Tout d’abord, je continuerai de préconiser l’idée simple que l’assurance de la qualité ne consiste qu’à mesurer l’acquisition des connaissances et des compétences qu’un programme a été conçu pour enseigner et développer. Et je soutiendrai que les processus et les organismes d’assurance de la qualité devraient se concentrer sur cette évaluation et se débarrasser de la paperasserie volumineuse et de l’administration qui accompagnent la collecte de renseignements indirects et de substitution qui apportent peu de preuves de la qualité.

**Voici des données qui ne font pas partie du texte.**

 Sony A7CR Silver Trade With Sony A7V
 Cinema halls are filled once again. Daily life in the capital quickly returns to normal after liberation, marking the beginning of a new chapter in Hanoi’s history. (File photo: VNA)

Deuxièmement, j’arrêterai d’utiliser le terme « résultats d’apprentissage ». Ce terme rebute bien des personnes, à raison, parce qu’elles l’associent à toute l’industrie qui a émergé et qui développe des cadres de qualification des titres de compétence et des exercices de mise en correspondance qui relient les compétences aux cours et aux programmes. Je m’en tiendrai plutôt au point essentiel : comment mesurer et qualifier les compétences que les étudiants devraient selon nous acquérir dans le cadre d’un programme d’études postsecondaires. Alors, attendez-vous à ce que je dise « mesure des compétences » et continuez de vous attendre à ce que le COQES consacre beaucoup d’attention et de ressources à la collaboration avec d’autres personnes pour trouver des moyens de bien réaliser cette tâche.

Merci d’avoir pris le temps de me lire.